#### Information shown

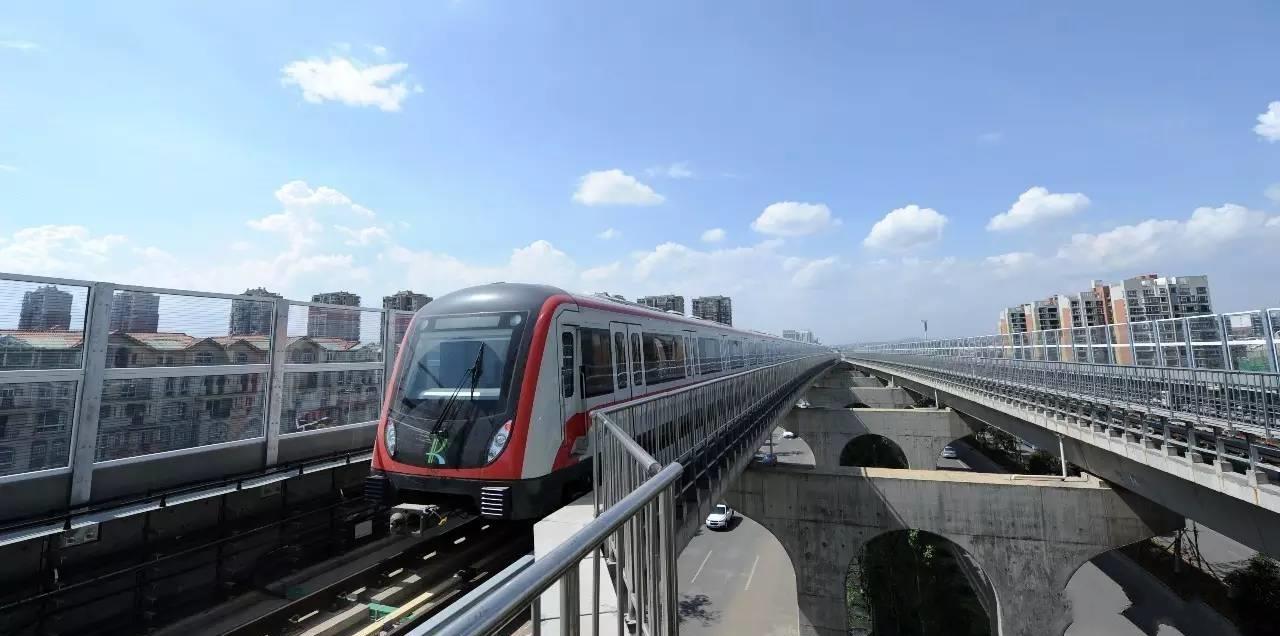 昆明将建成的一条新地铁线,全线设站29座,预计2020年通车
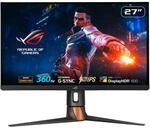 ASUS ROG Swift PG27AQN - 27 Zoll WQHD Gaming Monitor - 360 Hz, 1ms GtG, G-Sync,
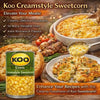 KOO Creamstyle Sweetcorn 415g product image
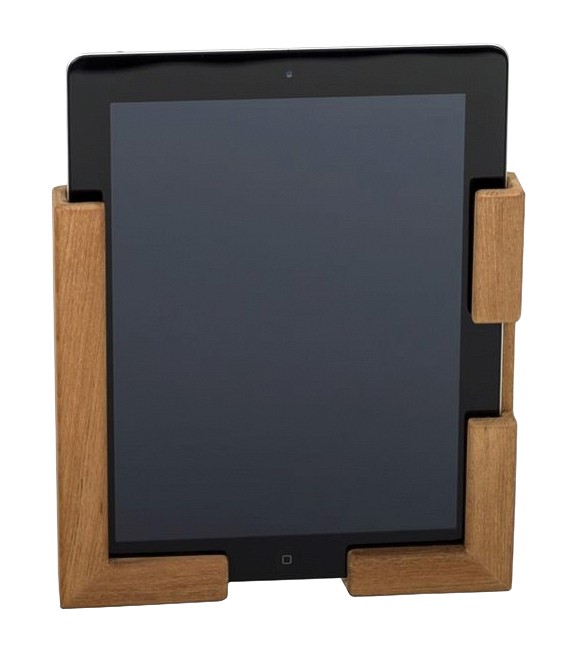 PAD/TABLET STAND IN TEAK 1 PAD/TABLET STAND IN TEAK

########

• Task prompt: Retype the whole of the data verbatim. Skip every picture.

• Response:
 昆明将建成的一条新地铁线,全线设站29座,预计2020年通车
 ASUS ROG Swift PG27AQN - 27 Zoll WQHD Gaming Monitor - 360 Hz, 1ms GtG, G-Sync,
 KOO Creamstyle Sweetcorn 415g product image
 PAD/TABLET STAND IN TEAK 1 PAD/TABLET STAND IN TEAK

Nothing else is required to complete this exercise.